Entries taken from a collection
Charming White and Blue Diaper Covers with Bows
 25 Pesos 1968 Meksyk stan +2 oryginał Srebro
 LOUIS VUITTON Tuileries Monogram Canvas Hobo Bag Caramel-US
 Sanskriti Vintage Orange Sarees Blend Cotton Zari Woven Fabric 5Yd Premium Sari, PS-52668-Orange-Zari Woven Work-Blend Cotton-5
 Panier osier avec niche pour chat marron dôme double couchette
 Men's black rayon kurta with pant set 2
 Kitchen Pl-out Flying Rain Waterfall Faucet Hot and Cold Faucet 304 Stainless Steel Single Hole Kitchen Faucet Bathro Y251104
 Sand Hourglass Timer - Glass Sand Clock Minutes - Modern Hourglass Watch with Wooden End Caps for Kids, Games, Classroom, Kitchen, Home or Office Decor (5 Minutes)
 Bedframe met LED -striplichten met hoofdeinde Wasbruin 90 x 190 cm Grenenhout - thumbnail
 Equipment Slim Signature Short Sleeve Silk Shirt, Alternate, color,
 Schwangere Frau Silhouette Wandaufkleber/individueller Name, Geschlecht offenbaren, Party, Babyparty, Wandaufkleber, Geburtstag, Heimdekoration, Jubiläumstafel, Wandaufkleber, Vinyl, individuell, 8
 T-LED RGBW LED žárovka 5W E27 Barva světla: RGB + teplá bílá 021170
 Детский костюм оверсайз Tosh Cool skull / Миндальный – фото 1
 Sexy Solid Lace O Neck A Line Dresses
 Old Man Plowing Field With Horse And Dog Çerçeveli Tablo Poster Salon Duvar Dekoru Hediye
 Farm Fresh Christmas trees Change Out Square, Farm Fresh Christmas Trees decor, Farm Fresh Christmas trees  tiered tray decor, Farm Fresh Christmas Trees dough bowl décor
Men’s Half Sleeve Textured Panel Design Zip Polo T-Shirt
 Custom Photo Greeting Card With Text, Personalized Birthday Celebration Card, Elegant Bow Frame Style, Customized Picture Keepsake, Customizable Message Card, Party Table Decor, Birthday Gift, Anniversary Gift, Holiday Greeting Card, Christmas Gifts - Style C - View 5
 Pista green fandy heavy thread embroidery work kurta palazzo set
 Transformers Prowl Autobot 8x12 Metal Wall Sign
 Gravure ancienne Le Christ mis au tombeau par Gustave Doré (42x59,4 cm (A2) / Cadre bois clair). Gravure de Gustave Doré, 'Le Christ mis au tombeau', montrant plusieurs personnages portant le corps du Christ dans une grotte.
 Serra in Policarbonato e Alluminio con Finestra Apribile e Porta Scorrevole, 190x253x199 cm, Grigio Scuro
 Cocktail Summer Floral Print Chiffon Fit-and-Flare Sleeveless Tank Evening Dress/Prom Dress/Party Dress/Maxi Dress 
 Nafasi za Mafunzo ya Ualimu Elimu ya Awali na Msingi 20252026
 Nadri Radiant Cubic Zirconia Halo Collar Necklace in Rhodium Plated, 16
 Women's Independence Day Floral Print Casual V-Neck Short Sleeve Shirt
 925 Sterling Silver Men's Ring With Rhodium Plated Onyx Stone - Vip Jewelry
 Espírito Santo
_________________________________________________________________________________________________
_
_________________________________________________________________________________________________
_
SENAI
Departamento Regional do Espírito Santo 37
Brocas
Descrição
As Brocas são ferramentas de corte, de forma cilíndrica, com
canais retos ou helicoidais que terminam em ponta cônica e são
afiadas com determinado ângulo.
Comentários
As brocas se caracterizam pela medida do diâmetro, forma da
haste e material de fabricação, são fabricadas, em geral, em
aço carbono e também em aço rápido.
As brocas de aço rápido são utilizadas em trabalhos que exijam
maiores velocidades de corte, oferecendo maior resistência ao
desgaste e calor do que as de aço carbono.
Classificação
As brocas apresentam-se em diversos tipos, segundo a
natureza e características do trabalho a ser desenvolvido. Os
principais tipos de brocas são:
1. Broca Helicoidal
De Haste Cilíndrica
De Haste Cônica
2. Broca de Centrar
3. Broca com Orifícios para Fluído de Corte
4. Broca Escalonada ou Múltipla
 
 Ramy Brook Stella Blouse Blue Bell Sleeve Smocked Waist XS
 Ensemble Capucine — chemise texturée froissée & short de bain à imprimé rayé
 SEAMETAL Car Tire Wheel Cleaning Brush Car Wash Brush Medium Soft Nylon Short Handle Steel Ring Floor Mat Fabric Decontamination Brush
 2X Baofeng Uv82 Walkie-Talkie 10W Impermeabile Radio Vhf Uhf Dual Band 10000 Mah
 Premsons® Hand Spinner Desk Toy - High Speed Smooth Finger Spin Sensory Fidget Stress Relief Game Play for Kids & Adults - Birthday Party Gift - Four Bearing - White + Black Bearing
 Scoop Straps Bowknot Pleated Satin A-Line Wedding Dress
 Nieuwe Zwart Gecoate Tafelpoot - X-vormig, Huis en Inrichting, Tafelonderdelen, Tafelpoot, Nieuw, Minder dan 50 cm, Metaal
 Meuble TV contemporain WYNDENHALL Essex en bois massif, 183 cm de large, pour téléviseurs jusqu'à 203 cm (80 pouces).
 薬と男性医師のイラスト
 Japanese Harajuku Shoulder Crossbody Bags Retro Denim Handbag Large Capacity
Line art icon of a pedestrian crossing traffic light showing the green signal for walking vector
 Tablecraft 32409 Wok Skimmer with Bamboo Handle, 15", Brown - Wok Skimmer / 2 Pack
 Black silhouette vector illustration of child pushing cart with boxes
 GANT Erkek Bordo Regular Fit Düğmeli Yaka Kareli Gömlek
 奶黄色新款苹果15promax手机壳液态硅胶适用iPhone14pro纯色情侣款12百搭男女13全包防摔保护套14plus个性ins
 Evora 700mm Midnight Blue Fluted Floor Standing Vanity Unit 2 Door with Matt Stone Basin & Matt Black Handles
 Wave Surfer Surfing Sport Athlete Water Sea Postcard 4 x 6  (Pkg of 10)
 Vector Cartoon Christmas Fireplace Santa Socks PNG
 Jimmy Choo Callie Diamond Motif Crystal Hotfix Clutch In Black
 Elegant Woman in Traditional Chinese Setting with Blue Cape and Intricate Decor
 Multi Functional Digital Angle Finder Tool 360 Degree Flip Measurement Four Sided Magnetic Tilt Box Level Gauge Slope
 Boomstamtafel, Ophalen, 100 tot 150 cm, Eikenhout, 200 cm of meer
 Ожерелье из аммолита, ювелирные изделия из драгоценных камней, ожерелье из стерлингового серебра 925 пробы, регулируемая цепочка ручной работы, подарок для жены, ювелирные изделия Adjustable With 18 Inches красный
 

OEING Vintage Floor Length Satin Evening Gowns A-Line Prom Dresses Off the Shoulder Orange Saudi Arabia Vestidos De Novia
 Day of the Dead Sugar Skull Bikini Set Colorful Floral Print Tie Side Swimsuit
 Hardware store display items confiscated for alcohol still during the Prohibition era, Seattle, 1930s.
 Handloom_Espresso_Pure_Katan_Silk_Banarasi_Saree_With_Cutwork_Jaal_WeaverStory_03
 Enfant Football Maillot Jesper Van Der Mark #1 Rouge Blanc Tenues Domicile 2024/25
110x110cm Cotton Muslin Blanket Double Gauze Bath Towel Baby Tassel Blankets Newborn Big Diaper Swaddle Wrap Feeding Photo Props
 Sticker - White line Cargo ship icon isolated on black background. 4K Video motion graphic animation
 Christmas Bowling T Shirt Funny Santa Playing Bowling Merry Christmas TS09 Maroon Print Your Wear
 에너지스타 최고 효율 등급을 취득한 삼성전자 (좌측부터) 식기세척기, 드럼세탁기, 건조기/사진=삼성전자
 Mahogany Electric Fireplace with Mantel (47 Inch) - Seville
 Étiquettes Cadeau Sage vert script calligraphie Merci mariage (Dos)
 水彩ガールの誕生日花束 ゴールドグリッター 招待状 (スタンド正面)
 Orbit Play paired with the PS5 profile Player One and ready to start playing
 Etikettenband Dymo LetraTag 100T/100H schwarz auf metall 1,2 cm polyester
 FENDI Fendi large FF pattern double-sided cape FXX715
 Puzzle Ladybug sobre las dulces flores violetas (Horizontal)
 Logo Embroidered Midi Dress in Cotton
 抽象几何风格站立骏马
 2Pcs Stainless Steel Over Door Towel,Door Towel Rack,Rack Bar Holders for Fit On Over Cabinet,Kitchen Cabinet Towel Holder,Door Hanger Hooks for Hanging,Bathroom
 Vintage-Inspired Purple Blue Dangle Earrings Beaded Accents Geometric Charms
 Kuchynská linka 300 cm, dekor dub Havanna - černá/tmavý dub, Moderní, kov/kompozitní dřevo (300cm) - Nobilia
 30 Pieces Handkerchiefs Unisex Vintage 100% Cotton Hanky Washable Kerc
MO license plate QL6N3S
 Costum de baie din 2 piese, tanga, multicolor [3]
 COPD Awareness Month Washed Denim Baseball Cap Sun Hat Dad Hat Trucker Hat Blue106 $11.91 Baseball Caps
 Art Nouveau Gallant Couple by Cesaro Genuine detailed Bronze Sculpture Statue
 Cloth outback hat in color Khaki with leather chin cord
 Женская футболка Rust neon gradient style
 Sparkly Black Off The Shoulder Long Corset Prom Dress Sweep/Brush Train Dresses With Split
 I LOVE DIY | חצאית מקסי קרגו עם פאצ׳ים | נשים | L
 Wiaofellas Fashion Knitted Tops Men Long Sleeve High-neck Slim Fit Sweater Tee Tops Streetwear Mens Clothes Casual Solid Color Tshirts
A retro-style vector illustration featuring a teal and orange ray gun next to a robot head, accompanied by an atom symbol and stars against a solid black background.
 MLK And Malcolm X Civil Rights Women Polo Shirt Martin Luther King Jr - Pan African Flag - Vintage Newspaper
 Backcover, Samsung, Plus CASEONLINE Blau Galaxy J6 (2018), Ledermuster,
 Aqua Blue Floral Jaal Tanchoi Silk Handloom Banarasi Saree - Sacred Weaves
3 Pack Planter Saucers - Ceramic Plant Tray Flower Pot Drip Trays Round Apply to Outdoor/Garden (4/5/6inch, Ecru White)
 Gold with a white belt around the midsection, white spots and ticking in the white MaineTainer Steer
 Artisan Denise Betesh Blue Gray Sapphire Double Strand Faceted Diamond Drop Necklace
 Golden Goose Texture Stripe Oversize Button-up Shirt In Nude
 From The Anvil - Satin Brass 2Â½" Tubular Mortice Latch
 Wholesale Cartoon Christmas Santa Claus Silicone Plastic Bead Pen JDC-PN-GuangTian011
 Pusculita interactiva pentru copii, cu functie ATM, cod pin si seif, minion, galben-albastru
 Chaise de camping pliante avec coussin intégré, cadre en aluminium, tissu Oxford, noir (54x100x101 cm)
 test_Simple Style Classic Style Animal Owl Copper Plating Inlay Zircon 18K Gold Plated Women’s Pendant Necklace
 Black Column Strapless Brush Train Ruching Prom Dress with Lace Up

■ WHAT TO PRODUCE ■
Starting with the first line of the entries, transcribe every line up to and including the one with "Men’s Half Sleeve".

■ EXPECTED ANSWER ■
Charming White and Blue Diaper Covers with Bows
 25 Pesos 1968 Meksyk stan +2 oryginał Srebro
 LOUIS VUITTON Tuileries Monogram Canvas Hobo Bag Caramel-US
 Sanskriti Vintage Orange Sarees Blend Cotton Zari Woven Fabric 5Yd Premium Sari, PS-52668-Orange-Zari Woven Work-Blend Cotton-5
 Panier osier avec niche pour chat marron dôme double couchette
 Men's black rayon kurta with pant set 2
 Kitchen Pl-out Flying Rain Waterfall Faucet Hot and Cold Faucet 304 Stainless Steel Single Hole Kitchen Faucet Bathro Y251104
 Sand Hourglass Timer - Glass Sand Clock Minutes - Modern Hourglass Watch with Wooden End Caps for Kids, Games, Classroom, Kitchen, Home or Office Decor (5 Minutes)
 Bedframe met LED -striplichten met hoofdeinde Wasbruin 90 x 190 cm Grenenhout - thumbnail
 Equipment Slim Signature Short Sleeve Silk Shirt, Alternate, color,
 Schwangere Frau Silhouette Wandaufkleber/individueller Name, Geschlecht offenbaren, Party, Babyparty, Wandaufkleber, Geburtstag, Heimdekoration, Jubiläumstafel, Wandaufkleber, Vinyl, individuell, 8
 T-LED RGBW LED žárovka 5W E27 Barva světla: RGB + teplá bílá 021170
 Детский костюм оверсайз Tosh Cool skull / Миндальный – фото 1
 Sexy Solid Lace O Neck A Line Dresses
 Old Man Plowing Field With Horse And Dog Çerçeveli Tablo Poster Salon Duvar Dekoru Hediye
 Farm Fresh Christmas trees Change Out Square, Farm Fresh Christmas Trees decor, Farm Fresh Christmas trees  tiered tray decor, Farm Fresh Christmas Trees dough bowl décor
Men’s Half Sleeve Textured Panel Design Zip Polo T-Shirt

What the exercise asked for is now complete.